Decisão Terminativa de 2º Grau

Imissão 0805013-44.2017.8.18.0140


Decisão Terminativa

poder judiciário 
tribunal de justiça do estado do piauí
GABINETE DO Desembargador JOSÉ WILSON FERREIRA DE ARAÚJO JÚNIOR

PROCESSO Nº: 0805013-44.2017.8.18.0140
CLASSE: AGRAVO INTERNO CÍVEL (1208)
ASSUNTO(S): [Imissão]
AGRAVANTE: JOELSON NOGUEIRA PACHECO
AGRAVADO: GILBERTO CHARLES DOS SANTOS SILVA JUNIOR, AGENCIA DE DESENVOLVIMENTO HABITACIONAL DO PIAUI


JuLIA Explica

DECISÃO TERMINATIVA


I – RELATÓRIO

Trata-se de Agravo Interno interposto pela AGÊNCIA DE DESENVOLVIMENTO HABITACIONAL DO PIAUÍ – ADH/PI em face de decisão monocrática que, nos termos do art. 932, III, do CPC, não conheceu da apelação, sob os fundamentos de ilegitimidade recursal e intempestividade, no âmbito de Ação de Imissão na Posse.

Sustenta a agravante, em síntese, que possui legitimidade como terceiro prejudicado, nos termos do art. 996, parágrafo único, do CPC;  a apelação seria tempestiva, considerando a intimação ocorrida em 27/10/2023; houve nulidade processual em razão da inobservância do procedimento previsto nos arts. 685 e 686 do CPC.

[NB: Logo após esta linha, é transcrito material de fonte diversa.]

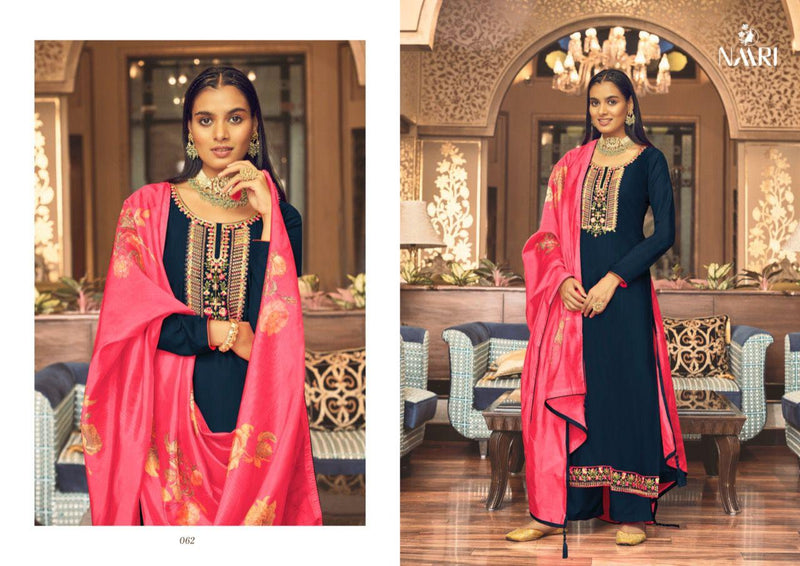 Naari Vedha Parampara Silk With Heavy Embroidery Work Stylish Designer Festive Wear Salwar Kameez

Requer a reconsideração da decisão ou sua submissão ao órgão colegiado para reforma.

A parte agravada apresentou contrarrazões, arguindo, preliminarmente, o não conhecimento do agravo interno por violação ao princípio da dialeticidade, ao argumento de que a recorrente não impugnou especificamente os fundamentos da decisão agravada.

É o relatório. Decido.

II - FUNDAMENTAÇÃO

O recurso não merece conhecimento.

Nos termos do art. 1.021, §1º, do Código de Processo Civil, incumbe ao agravante impugnar especificamente os fundamentos da decisão agravada, sob pena de inadmissibilidade do recurso, em observância ao princípio da dialeticidade recursal.

No caso concreto, a decisão agravada fundamentou-se em dois pilares autônomos:
(i) ausência de legitimidade recursal da ADH/PI, por não ter ingressado regularmente na relação processual;
(ii) intempestividade da apelação, ante a comprovação de ciência inequívoca do ato judicial em momento anterior ao alegado.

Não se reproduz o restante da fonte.